Archive
How to remove “smart” quotes from a text file
If you’ve copied and pasted text from Microsoft Word, chances are there will be the so-called smart quotes in that text. Some programs don’t handle these characters very well. You can turn them off in Word but if you’re trying to remedy the problem after the fact, sed is your old friend. I’ll show you how to replace these curly quotes with the traditional straight quote.
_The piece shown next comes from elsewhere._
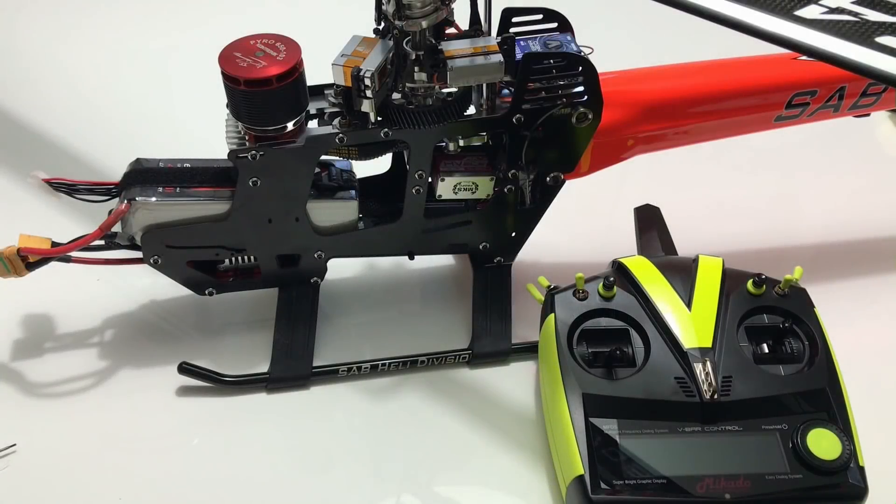So guys, this is the very first time I power up my brand new Colibri 140 amp ESC. So first I power it up.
Recall that you can do global find/replace by using sed.
sed s/[”“]/'"'/g File.txt
This won’t actually change the contents of the File, but you can save the results to a new file
sed s/[”“]/'"'/g File.txt > WithoutSmartQuotes.txt
If you wish to save the files in place, overwriting the original contents, you would do
sed -i ".bk" s/[”“]/'"'/g File.txt
This tells the sed command to make the change “in place”, while backing up the original file to File.txt.bk in case anything goes wrong.
To fix the smart quotes in all the text files in a directory, do the following:
for i in *.txt; do sed -i ".bk" s/[”“]/'"'/g $i; done
At the conclusion of the command, you will have double the number of text files in the directory, due to all the backup files. When you’ve concluded that the changes are correct (do a diff File.txt File.txt.bk to see the difference), you can delete all the backup files with rm *.bk.